Saturday, October 6, 2012
Remembering Eric Hobsbawm
Eric Hobsbawm, the great Marxist historian of the twentieth century, passed away this week. I felt a great personal loss in his death, for he was my most favorite historian. And I feel very sad that he would no longer be there to provide wealth of meaningful details and great insights into historical and contemporary happenings and phenomena. While marshaling facts and arguments he used to be ruthlessly objective and yet there was a larger humane framework in which he conducted his profession of historiography. And this is perhaps a reason why, although he was a Marxist historian he conducted his discourse almost in the grand tradition of Liberalism.
Hobsbawm was a central European Jew and was born in 1917, the year of the Bolshevik Revolution. His father was British, his mother Austrian and he was born in Egypt: a pedigree that perhaps qualified him to become a true international historian with a global vision and a global reach. He lost both his parents in his childhood and was brought up by his uncle in Berlin, Vienna and London and ultimately he settled in UK. In those days, especially in the inter-war years, the Jews in Central Europe had mainly two options: they became communists or became Zionists. Hobsbawm joined communist movement during his student days and remained a devout communist to the end. And yet he was a communist and a Marxist thinker with a difference. He never compromised on basic human values of freedom and liberalism. Whether it was his observation that the Soviet communism was rooted in its ossified bureaucracy or whether it was his direct criticism of the communist party when Soviet Union occupied Hungary in 1956, he always displayed a rare sense of independence and respect for basic human values. Hobsbawm was a great scholar, a Cambridge Don and a member of Red Brigade. He was not merely a great scholar; he was a great lover of music and wrote extensively on music.

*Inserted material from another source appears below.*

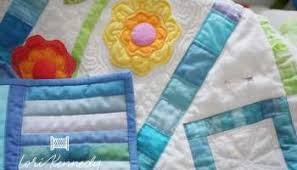 Floral vines in shades of pink, blue and green on a navy blue background. Quilting Applique Flowers And Leaves Lori Kennedy Quilts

His greatest contribution was of course his four- volume World History, (from the French Revolution of 1789 to the Collapse of Soviet Communism in 1989) with titles, “The Age of Revolution”, “The Age of Capital”, “The Age of Imperialism” and “The Age of Extremes”. He not only brought great scholarship to his writing of history; he also had a great gift of telling the story, almost as if readers are a witness to what is happening.
In 1994, Hobsbawm had finished writing his last volume of world history, “The Age of Extremes”. Towards the end of the book he argued that, if the Soviet Communism has collapsed, that should be no reason for the West to celebrate. He further argued that the internal contradictions of capitalism had sufficiently advanced to a point where there seemed to be something seriously wrong with the Western Capitalism, which itself needed reforms. Subsequent events, especially the crisis of the capitalism through which we are passing, only show that Hobsbawm was essentially right. We are now debating how we may restructure the global financial system.
Hobsbawm also wrote prolifically on Nationalism, Globalization and Economic History. A remarkable book that he wrote (a collection of his essays) in 2011 was “How to Change the World: The Tales of Marx and Marxism”. He argues in the book that although world over Marxism has ceased to be a political ideology, Marx’s writing is still, in its sociological and economic insights, very relevant to our times where lot of correction is needed to the style and functioning of capitalism. He further says that Marx and Marxism need to be presented somewhat differently and more comprehensively, for essentially at the heart of Marxism is great concern for man. Although, I have never been a Marxist I always found Hobsbawm most stimulating and original.
Hobsbawm was respected both on the left and right and his passing away has truly created a great void in the otherwise weakening tradition of historiography.